The first cast featured is a double murder of Margaret & Seana Tapp, a mother and daughter slain in their Ferntree Gully home in 1984.
We hear from family members, the man who discovered the bodies, detectives who worked on the case. Newsreel footage is interspersed with re-enactments, and a contemporary police perspective. Key suspects are named (that will surely elicit a reaction) and producers have tried to paint a picture of the private lives of the victims, including showing how personal relationships could have nodded to various motives. Hearing how family members are still searching for answers locks on your sympathy, but will hopefully motivate someone to come forward.
“I was absolutely gutted, it really really upset me,” we hear.
Before we get to a last twist in the story, the show hits the pause button and begins a second case, involving Cheltenham father Chris Phillips, murdered in 1989.

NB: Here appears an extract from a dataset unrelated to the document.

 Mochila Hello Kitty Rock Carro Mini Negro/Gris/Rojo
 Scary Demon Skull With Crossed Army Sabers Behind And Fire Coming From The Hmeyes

It was his wife who discovered a bloodied corpse at their family home, with a footprint as one of the key clues. Again there are twists that would fit neatly into any cold case drama, that involve the viewer.
Thankfully the re-enactments are not overt here, filmed at arms-length, around the edges, without clunky dialogue. In the past such elements have effectively ruined shows in this genre.
The big ask for the show is that they can close at least one cases featured.
“Someone out there has crucial information, someone out there knows something,” say police.
Seven also has disclaimers that this has “Graphic content about murders. Re-enactments and the persons and footage are not from actual events. Viewer discretion is advised. Seven is not suggesting that any of the people mentioned are guilty.”
Million Dollar Cold Case premieres 9pm Wednesday on Seven.